Rarely do we have an American team return the favor and travel half way around the world to go and race in the Southern Hemisphere, but Gail and Allen are doing just that. Lake Gairdner is beyond description for landspeed racers. Bonneville is a huge salt pan that has been degraded by potash and chemical companies over the years, but even at its most pristine, the salt flats in Utah are tiny compared to Lake Gairdner. The trip to Gairdner is a trek, not a jaunt. Australia is vast and the cars have to be unloaded in Adelaide and shipped by train north. Then the racecars are met by lorry, or truck to you non-Aussies and then the bumpy ride begins over rough roads until you reach the lakebed and gaze out over a sea of white salt. The lake bed stretches over sixty miles and a driver can get lost on the great white salt, forcing his crew to circle until they find him and bring him back to base. Gail and Allen have bought a house in Victor Harbor, just one hour south of Adelaide, the capitol of South Australia, where they will continue to work on the streamliner that they hope to set records in when the racing season begins in March. They have been members of the DLRA since 2001 and have made many friends among the Aussies, who have helped make their stay in Australia easier. The Phillips came back to Bonneville for the start of the August racing season and brought Mike Davidson with them. Davidson is a founding member of the DLRA and an expert in Ford Flathead motors and they toured the area checking up on all the hotrod and car shows they could before heading back to Australia. While the Phillips were at Bonneville, they set a new record in the Grand Touring E/GT class with their 1999 C-5 Corvette at 190 mph, breaking the old record of 184, set in 1978, and Gail was driving. They couldn't take both cars to Australia, and in December they loaded their Streamliner on the boat and sent it off. The car will arrive in February and they will get it prepared to run in March.
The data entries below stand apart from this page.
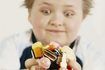 Soudoyer les enfants avec de la nourriture peuvent conduire à l'obésité infantile.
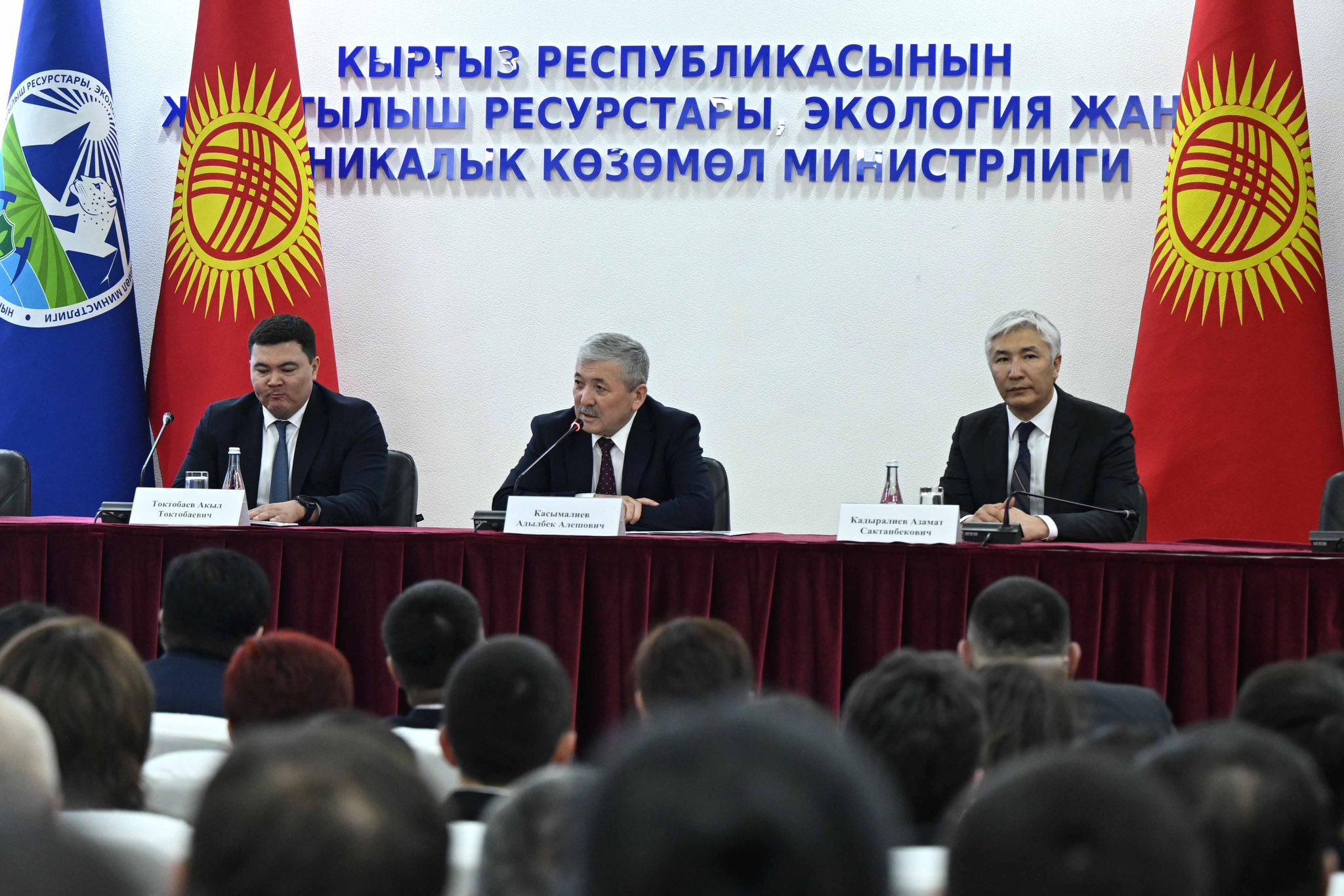 МинКаб башчысы Жаратылыш ресурстары, экология жана техникалык көзөмөл министрлигинин жамаатына министрдин милдетин аткаруучу Акыл Токтобаевди тааныштырды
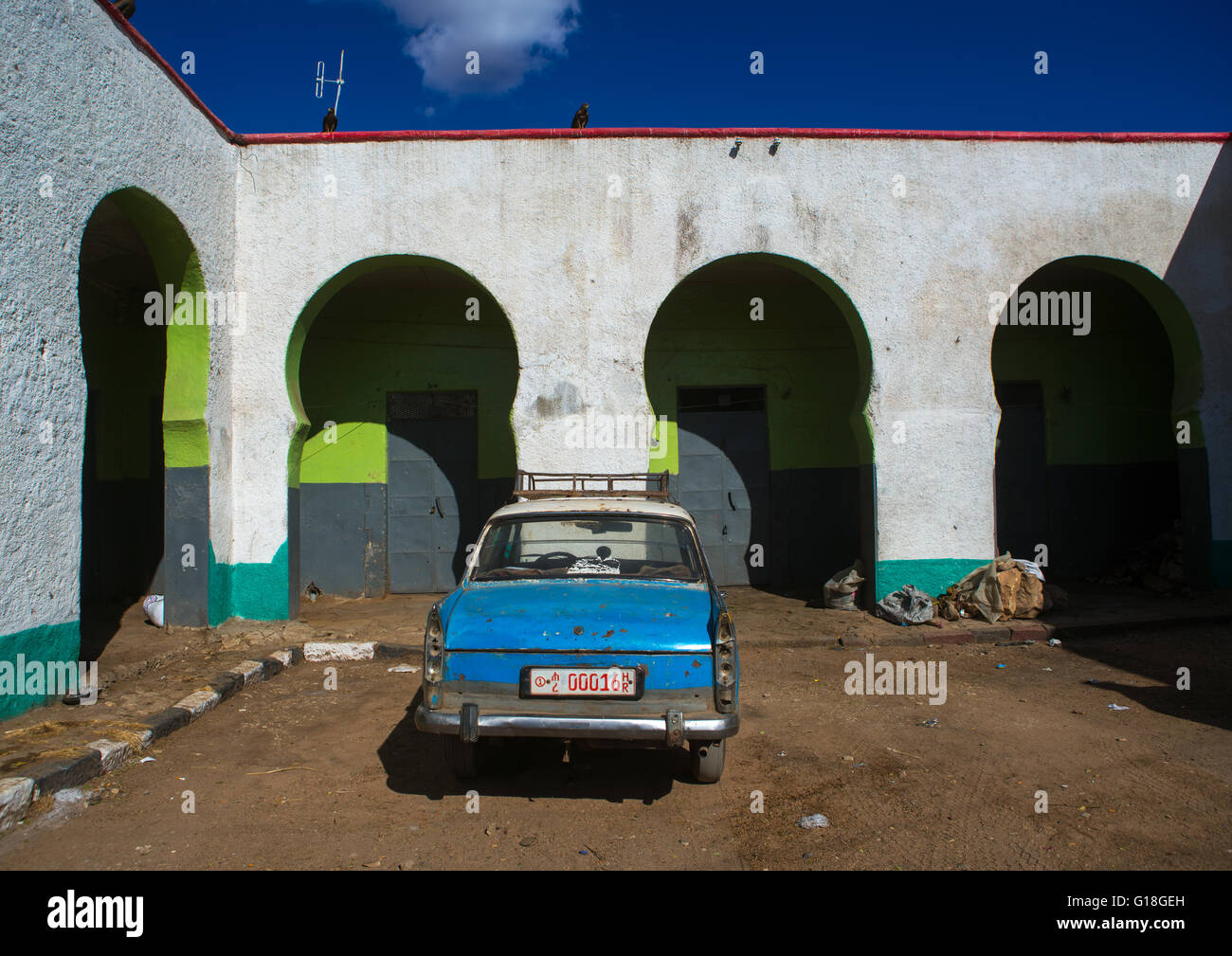 Peugeot 404 Taxi auf dem Markt der Altstadt, Harari Region Harar, Äthiopien Stockfoto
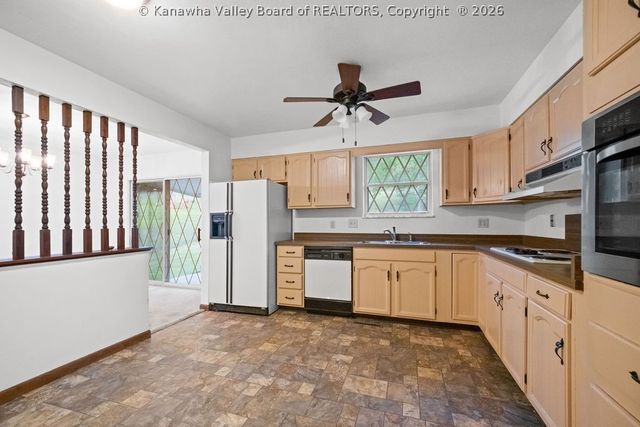 54 Oakmont Drive, Poca, WV 25159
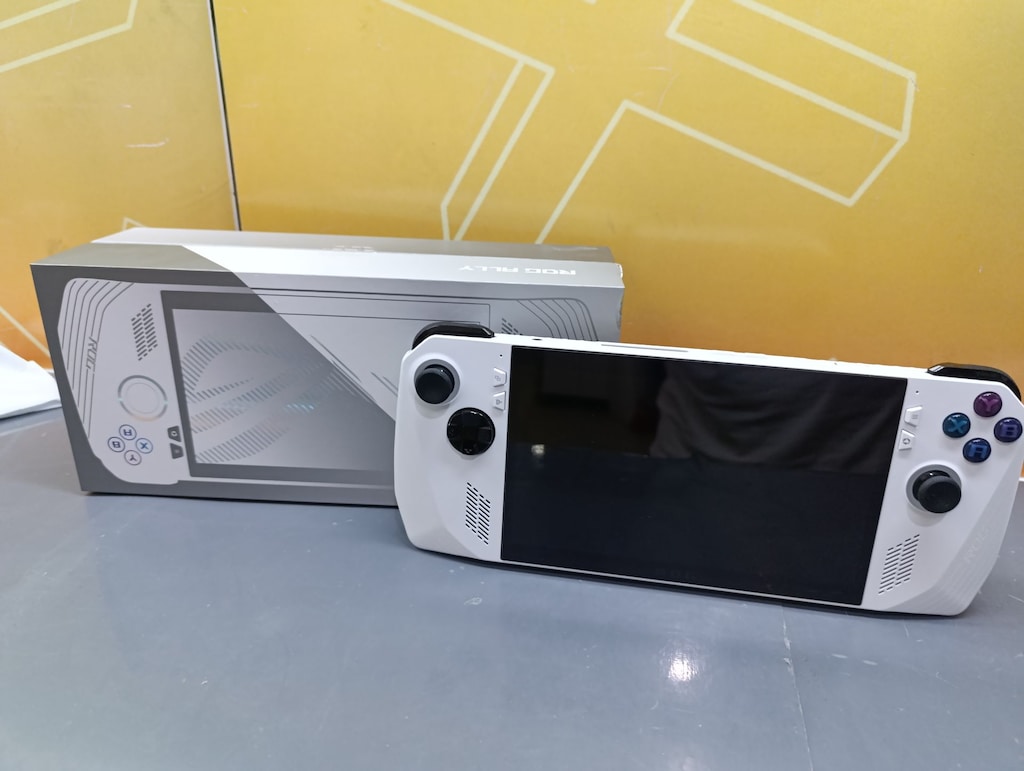 ASUS ROG ALLY Z1 EXTREME İKİNCİ EL TERTEMİZ - 2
Their newest vehicle is a Streamliner which has arrived in Australia in preparation for racing at the DLRA's Speedweek event at Lake Gairdner in South Australia.

Gail understands that you don't set records in a vacuum. She has a team behind her that gives her the horsepower and safety equipment to set those records. The team is called P.O.P. Motorsports and includes Doug Odom (Builder/Crew Chief/Driver), Wayne Villard (Crew/Mechanic/Fabricator) and Al Phillips (Crew/Logistics). Doug Odom has been racing for a long time and is one of the best Crew Chiefs in the sport as well as a top quality driver. Landspeed racers don't have the ego that other automotive racing sports seem to possess. Landspeeders love to 'take' your record, then root for you to take it back. They have a love for speed and to test themselves against the clock and the course, not against their fellow drivers and friends. The brand new 25 foot streamliner will have two engine sizes, class B and class C. Gail will drive the class B engine in the streamliner and Doug will pilot the class C engine and they hope to set records with speeds over 300 mph. The designation is B/GS, B/FS, C/GS and C/FS. The first letter stands for the engine size. The second letters after the /mark stands for gas streamliner or GS and fuel streamliner for FS. They are hoping for some really fast times. The Phillips had hoped to break in the car and set records at Bonneville in August 2006, but the car was slow to be completed and bad weather made it impossible to race. After they run in Australia in March, the plan to bring the car back to the United States and go after more records in August of 2007. Landspeed records are not always easy to get the first time out. A great deal of effort and research goes into these customized cars. The team owners, builders and racers have spent a lot of time and money coming up with the best set-up. They often have the car tested in wind tunnels and the engine dynoed over and over again. They listen to other landspeed racers and pick their brains for every innovation possible. Yet no one knows how the car will do until it is tested on the salt flats against the clock. Many hearts have been broken over the years on the salt.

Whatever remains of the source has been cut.